Perhaps it is not surprising that a winemaker would believe that it is the “man who makes the difference,” but Magnien’s interview did a lot to convince me the veracity of this statement. Magnien is a négociant as well as a grower himself. And unlike most négociants, he is intimately involved in the growing and harvesting of the grapes he buys. Every morning, Magnien heads out early on his bike, roaming the vineyards of Burgundy. He looks at which hills get the best light at different times of day; he looks for high quality soil; he looks to see if there is a thoughtful and meticulous grower in the vineyards. He carefully selects these vineyards, growers, and grapes to make wine with. This is the type of man, I thought, that I would like making my Burgundy.

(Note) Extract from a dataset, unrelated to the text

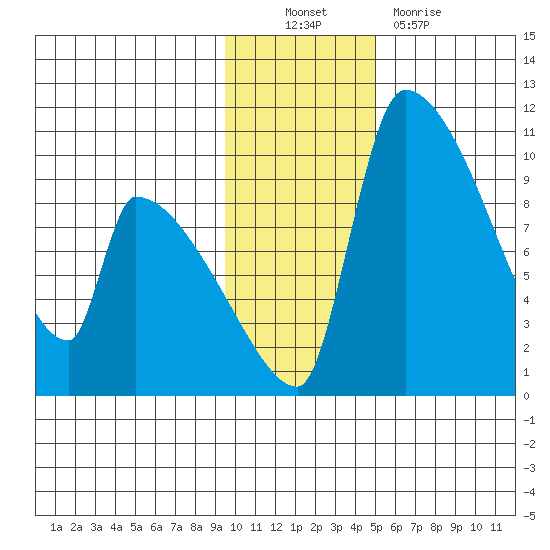 Egegik tide chart for Sunday, November 21, 2021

The day after I listened to this interview, I came into LUSH to find a case of Frédéric Magnien’s 2005 Mercurey ($38.50) on the wall. How fortuitous! This wine is three for three: winemaker, vintage, and terroir. Mecurey is a village in the Cote Chalonnaise (named after the messenger of the Gods!), known for its high quality, relatively inexpensive reds: aromatic, flavorful, and elegant at a fraction of the price of Cote D’Or. And if you’ve read anything about wine in the last year, you know about 2005 in France — perhaps the best vintage in 20 years. Mercurey can also be drunk much younger than many Burgundies, usually in the 3-7 year range (and perhaps upwards of 10 in this vintage). This is one 2005 that is ready to go and approachable right now, but should also continue to age beautifully.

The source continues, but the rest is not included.